Only Constantinescu, whose government has authorized NATO use of its air space to bomb Yugoslavia, broached the subject.”As Christians, we partake in the sufferings of each citizen of our neighboring countries, whether Serb or Albanian,”he said.”We wish with all our hearts that dialogue and mutual tolerance can inaugurate a new century of good friendship and prosperity in this corner of the world.” The Romanian president also praised the pope for the”beneficial ritual of exorcism”he performed as a leading opponent of communist regimes.”You didn’t view communism as an external enemy, but as a pathology of the spirit whose sole remedy was the affirmation of great Christian principles,”Constantinescu said.


The pope saluted Romania as”a bridge”between the Latin world, the base of Romania’s language and ethnicity, and the Byzantine world, source of its Orthodox faith.

But in a speech later to state officials and the diplomatic corps, he also expressed sympathy for Romanians suffering economic hardship and urged other European nations to help Romania through its wrenching transition from a communist economy.

On Saturday (May 8), the pope is scheduled to celebrate a Mass at the city’s Catholic cathedral, where he will use the liturgy of Romania’s Greek Catholics _ an Orthodox-like service used by hundreds of thousands of Romanians loyal to the pope. John Paul also is scheduled to meet with Teoctist and other Orthodox leaders on Saturday. Sunday the two leaders will attend outdoor liturgies led by each other.

About 87 percent of Romania’s 23 million people are Orthodox. Tensions persist between Orthodox Romanians and the nation’s more than 1 million Roman Catholics, who follow the traditional Western liturgy, and hundreds of thousands of Greek Catholics.

Those tensions stem from the Greek Catholic church _ but not the Roman Catholic _ having been banned during the 40 years of communist rule. Greek Catholics are now seeking the return of thousands of church buildings they claim the Orthodox took illegally during the communist period.

The pope’s plan to visit only Bucharest, and not the heavily Catholic regions of Transylvania in the northwest and Moldavia in the east, disappointed Catholics before the trip. But Catholics who traveled to Bucharest said they were cheered by what they saw and heard.”I’m very optimistic,”said Greek Catholic Bishop Tertulian Langa, who traveled 300 miles south from his Transylvanian city of Cluj-Napoca.

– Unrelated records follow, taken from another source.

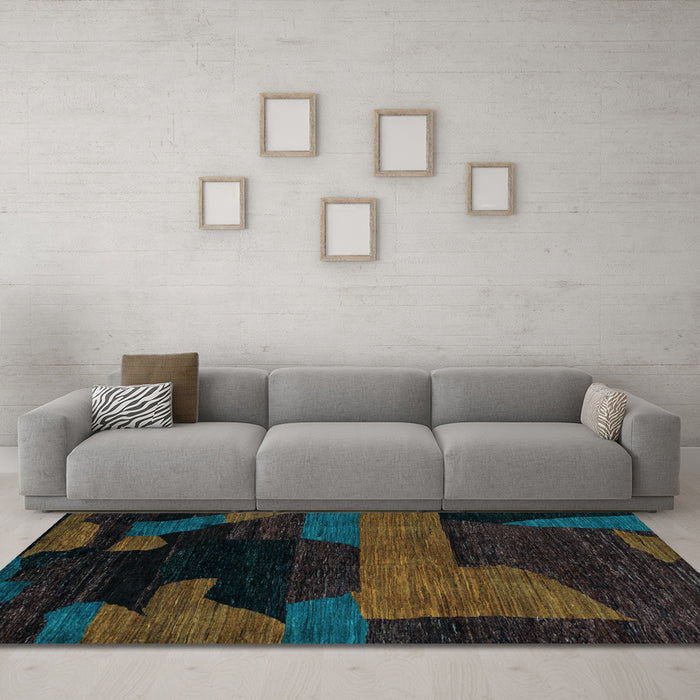 Machine Washable Abstract Light Blue Modern Rug in a Living Room, wshabs4278lblu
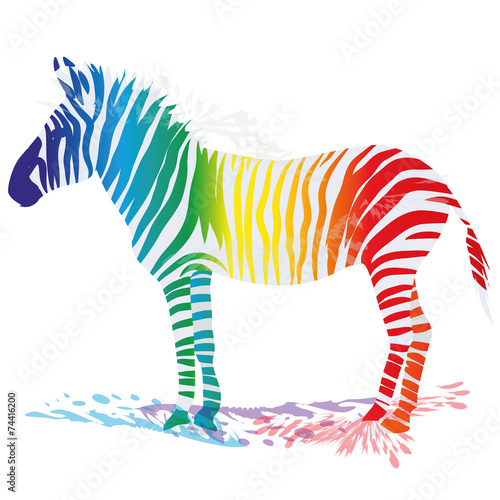 Zebra mit farbigen Streifen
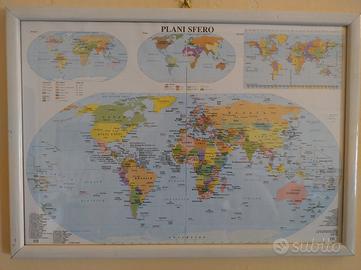 Planisfero politico in cornice bianca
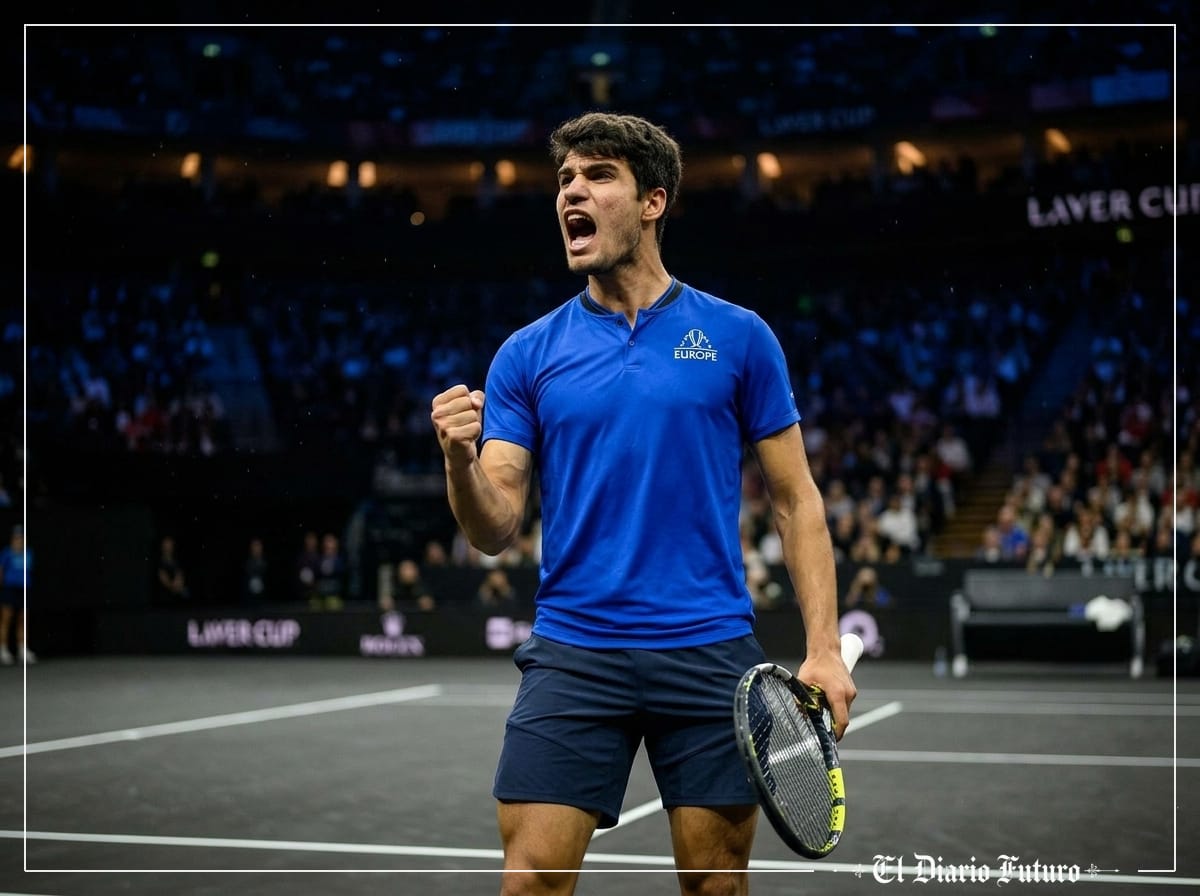 Carlos Alcaraz celebra un punto en la pista negra del O2 Arena en la Laver Cup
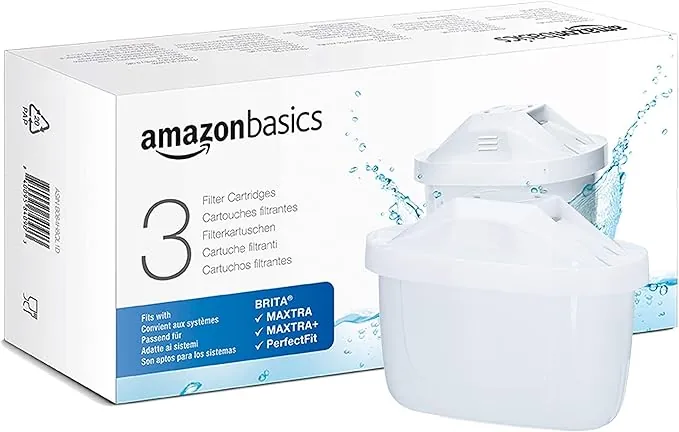 Amazon Basics Cartuchos filtrantes de Agua, Aptos y compatibles con Todas Las BRITA Incl.PerfectFit & Jarras, 3 Unidad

Langa said he appreciated hearing the pope’s salute to the endurance of the Greek Catholic Church during its years of persecution, as well as Constantinescu’s call for reconciliation between the quarrelsome churches.

Georgeta Petre, 34, of the village of Popesti-Leordeni near Bucharest, came with a group of Roman Catholics.

The pope is”a very special person, and he has a lot of connections,”said Petre.”He can help Romania in the future with its social and political problems.” She also hoped the visit would help end the war in nearby Yugoslavia.”It’s an opportunity to work for peace and understanding,”she said.

Many Orthodox also came out of admiration for the pope.”He is a great man of the 20th century,”said Jonel Popa, 28, a philosophy student from Tulcea in eastern Romania, who plans to become an Orthodox priest.

But no one was optimistic that the pope’s visit might bring about full church unity anytime soon.”It’s a beginning. That’s all,”said Margareta Micolae, 25, a computer technician and a Roman Catholic from the village of Popesti-Leordeni.